- PROBLEM TO WORK ON: Exclude every picture. Output verbatim the lines from the one containing "Woods Villa- A" to the end of the data.

- AVAILABLE DATA:
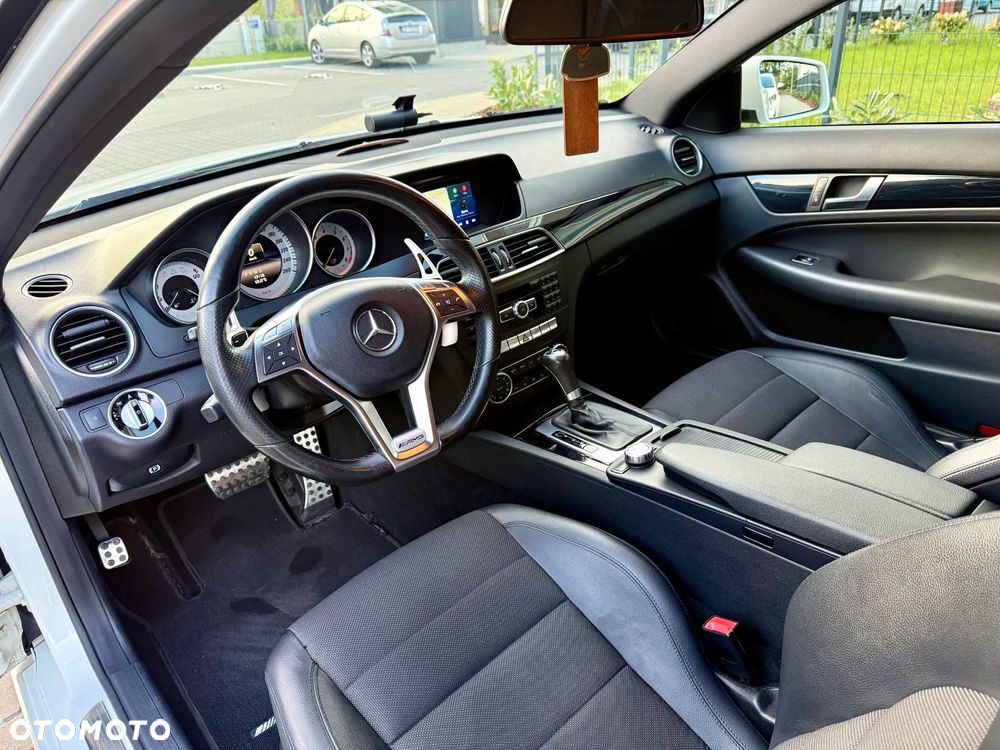 Mercedes-Benz Klasa C 250 CGI BlueEff Sport - 7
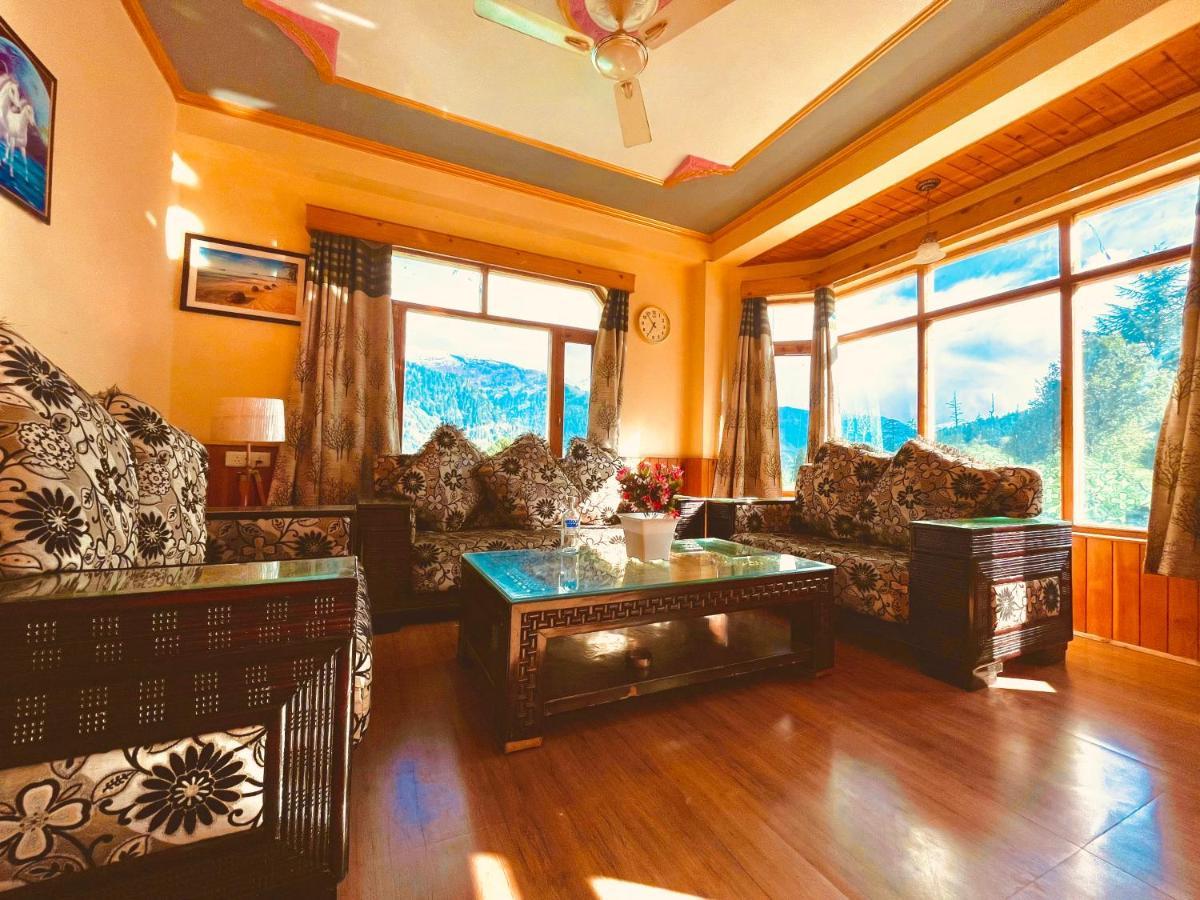 Woods Villa- A Luxury Mountains View Cottages Apartment *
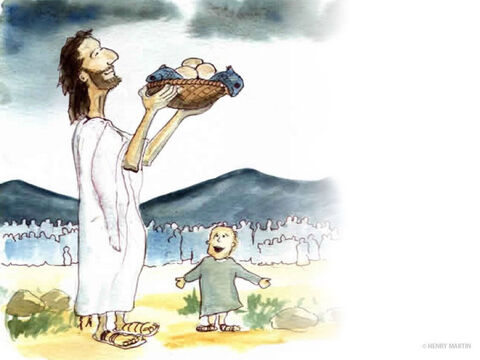 Jesús tomó los cinco panes y los dos peces. Mirando al cielo, dio gracias y los partió. Luego dio los trozos a los discípulos para que le dieran de comer a la gran multitud: al menos cinco mil hombres, más las mujeres y los niños. – Número de diapositiva 9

- PROBLEM SOLUTION:
 Woods Villa- A Luxury Mountains View Cottages Apartment *
 Jesús tomó los cinco panes y los dos peces. Mirando al cielo, dio gracias y los partió. Luego dio los trozos a los discípulos para que le dieran de comer a la gran multitud: al menos cinco mil hombres, más las mujeres y los niños. – Número de diapositiva 9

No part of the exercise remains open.